Changes to Quebec’s pension legislation, including a move away from solvency funding requirements and the introduction of a cost-sharing model, against the backdrop of a low interest rate environment has had a major influence on the City of Montreal’s pension investment strategy.

The City manages six plans under one pooled portfolio. The assets from all six pension plans are invested by an investment committee, La Commission de la Caisse Commune Régimes de Retraite des Employés de la Ville de Montréal.

While each plan is responsible for its own investment policy, they’ve been essentially the same since inception. In 2019, all of the plans adopted updated policies that target a two per cent allocation to cash, 29 per cent to bonds, 10 per cent to Canadian equity, 34 per cent to foreign equity and 25 per cent to alternatives.

“We are not there at this moment,” says Jacques Marleau, director and deputy treasurer of the City’s finance department and president of La Commission de la Caisse Commune. “We have lower exposure to alternatives and higher exposure to Canadian equity, but we are working to go down that route to achieve this new asset mix that was adopted during 2019.”

The latest change is part of a broader, gradual increase in alternatives — in 2000, the portfolio’s allocation to the asset class stood at three per cent, then grew to eight per cent in 2001 and 16 per cent in 2008.

Over the years, the plans’ investments have been influenced by changes to the legislative landscape and the current investment context. In 2006, Quebec’s municipal sector retirement plans became exempt from solvency obligations. In 2014, legislative changes forced the plans to move to a cost-sharing model, requiring a 50-50 sharing of current service costs and future deficit costs. However, the model had to be negotiated with various unions and it took a few years to reach an agreement. When the agreement was finalized, the City started the process of reviewing its investment policy.

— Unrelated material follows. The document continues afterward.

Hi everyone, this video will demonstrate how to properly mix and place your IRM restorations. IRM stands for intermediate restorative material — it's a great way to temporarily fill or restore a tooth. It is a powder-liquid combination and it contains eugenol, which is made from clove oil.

As a result of the solvency changes, the plans are focused more on portfolio optimization than the mark-to-market position of their liabilities, says Marleau. That said, the cost-sharing model raised concerns about risk and a desire to lower the portfolio’s volatility.

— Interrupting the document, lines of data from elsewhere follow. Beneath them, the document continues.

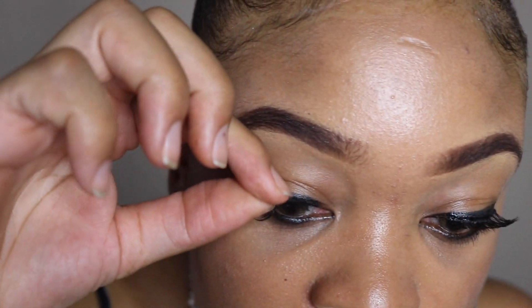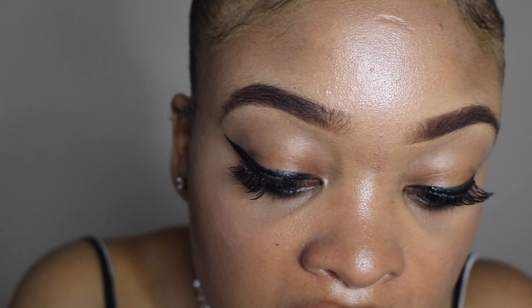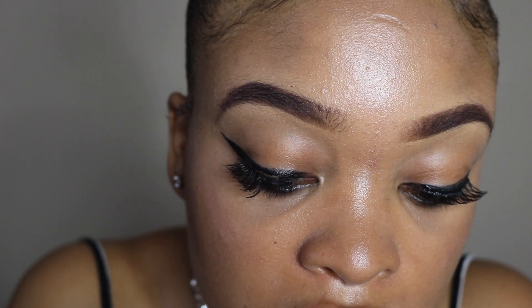They come in this carton and they have a magnet attached to the carton, which is how the eyelash is held in place — that's interesting. I'm putting the top piece as close to my lash line as possible.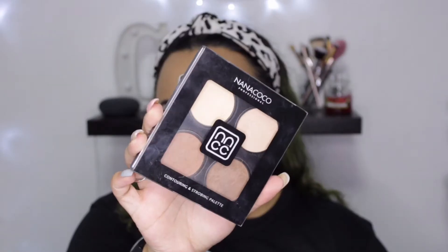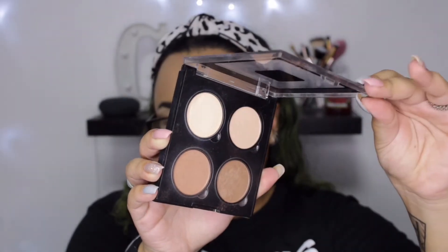Today I'm going to be using the NanoCoco contouring and strobing palette — I believe this is in the medium tone, and I will have it linked down below. In this palette we have a warmer shade, which is more of a bronzer, a cooler shade which is more of a contour, and then we have two under-eye highlighting shades.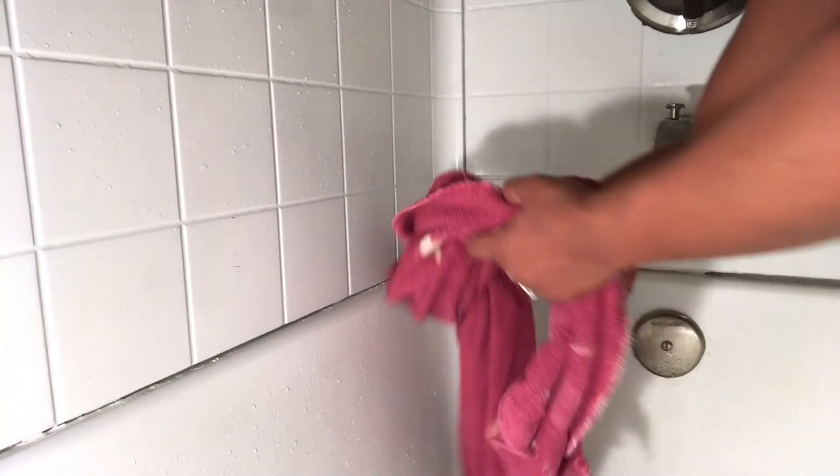Now I have removed all the caulk, so now I'm drying the area. Before you apply the new caulk, you must have the area completely dry, so that's what I'm doing.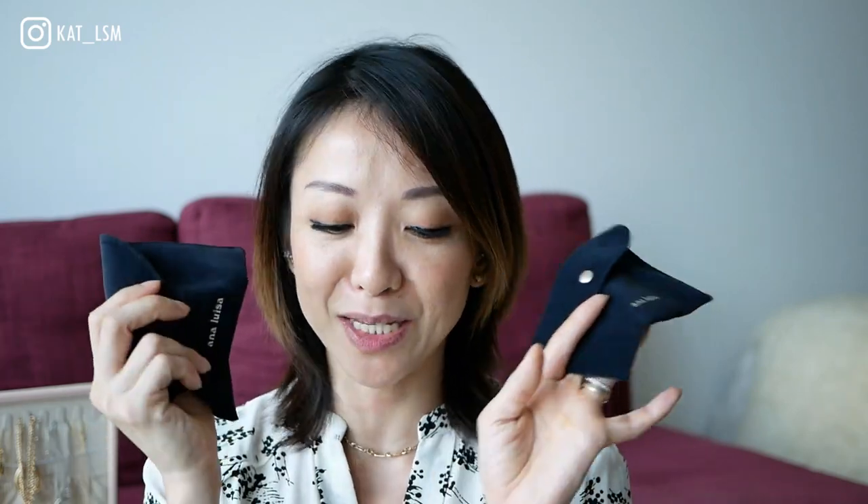Before I get into that, let me show you more pieces that Ana Luisa has kindly sent to me. I've been working with Ana Luisa for the past year and they are such an amazing company — based out of New York, they make beautiful, affordable but high quality jewelry pieces.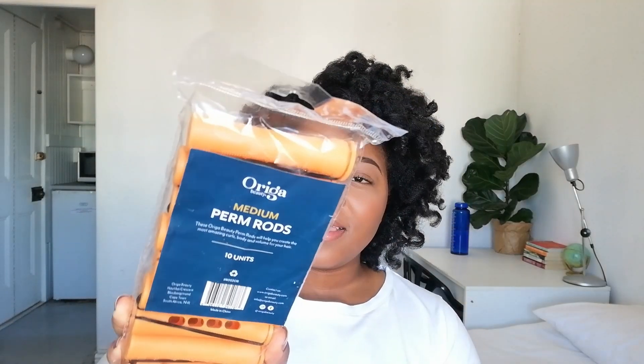In today's video I'll be showing you how I achieved this super cute, super fluffy perm rod set on my 4c hair. This was my first attempt and I was very nervous about it, but I think I did a pretty decent job — you guys let me know in the comment section. I'm really happy with my results.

The City was also sensitive about moving too fast to lower risk assets because it would require reducing the expected rate of return for the plans’ actuarial valuations, he notes. In addition, lower expected rates of return on the valuations would lead to higher current service costs in order to meet benefits payment obligations.

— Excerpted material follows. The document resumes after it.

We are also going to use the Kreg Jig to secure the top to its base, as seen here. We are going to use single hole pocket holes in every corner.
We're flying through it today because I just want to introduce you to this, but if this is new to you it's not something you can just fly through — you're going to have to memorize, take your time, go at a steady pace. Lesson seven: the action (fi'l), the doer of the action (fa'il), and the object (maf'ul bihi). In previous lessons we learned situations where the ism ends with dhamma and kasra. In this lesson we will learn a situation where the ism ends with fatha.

“You are in a dilemma where you don’t want to have too much risk in the future, but you don’t want to make changes that will create a big impact on the expected rate of return.”

In the context of a low interest rate environment, the plan moved to alternatives because they complement a traditional fixed income portfolio, achieve good cash flow and earn a better expected rate of return, says Marleau. “If you make a big allocation to the bond sector, you will end up with a lower expected rate of return for sure, and then it will [result in an increase of current service] costs and there’s a lot of sensitivity on that side.”

He notes the City’s plans are looking specifically for alternatives that offer a stable cash flow. And the plans are moving to their new alternative allocation target through a phased approach, says Marleau. “There’s not that much product in the market that meets our objectives.”

If interest rates stay low, when the plans reach their target, they may try to achieve an even higher level over time, he adds.